/Investigate_Dataset

Performance and Revenue Analysis: Investigate TMDb dataset

Primary LanguageHTML

Investigate_Dataset

Blog Version:

https://prvnirupama.wordpress.com/2017/12/06/directorial-lens-imdb-dataset/

Overview

  • This Project is an Exploratory Data Analysis conducted on the TMDb dataset (a subset of IMDb dataset on Kaggle) provided via UdacityData Analyst NanoDegree [DAND] Resources.
  • It contains 2 CSV files with the cleaned data used for the data analysis. Data cleaning steps performed are mentioned in the .pynb files
  • Investigate_a_Dataset and Investigate_a_Dataset_TMDb are the initial passes of EDA used to formulate the Questions to be answered by detailed investigation.
  • Investigate_a_Dataset_TMDb_NirupamaPV.pynb is the final submission for Udacity’s DAND third assignment.
  • Investigate_a_Dataset_TMDb_Directors_NirupamaPV.pynb is my own EDA to see the dataset with an angle of Directorial Influence over movies, ratings and revenues.
  • .pynb files contain Markdowns (Git flavor) to explain steps and rationale of the analysis performed

Research Qs

Udacity DAND Assignment : Investigate_a_Dataset_TMDb_NirupamaPV.pynb

  • Research Question 1 : How are runtimes, popularity and revenues trending over time?
  • Research Question 2 : What variables are associated with the revenues of movies spanning the years? If so, how?
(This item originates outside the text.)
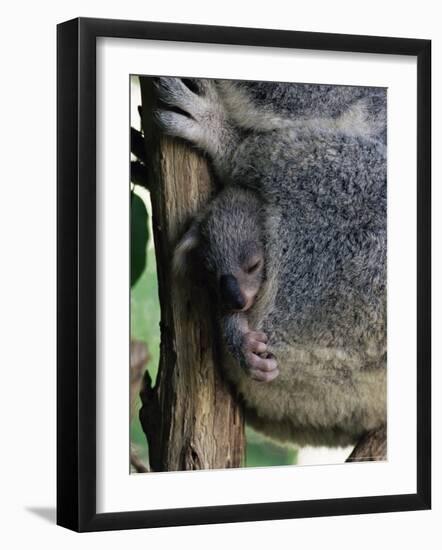 Baby Koala Bear (Phascolarctos Cinereus) in Pouch, Brisbane, Queensland, Australia, Pacific-James Hager-Framed Photographic Print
Self Project: Investigate_a_Dataset_TMDb_Directors_NirupamaPV.pynb

  • Research Question 1 : Over the years, who are the popular directors?
  • Research Question 2 : What are typical runtimes for directors? Is there a duration preferred by directors?
  • Research Question 3 : What are typical revenues for directors? Who are the most successful directors?
  • Research Question 4 : Is there a relation between popularity and revenue for directors?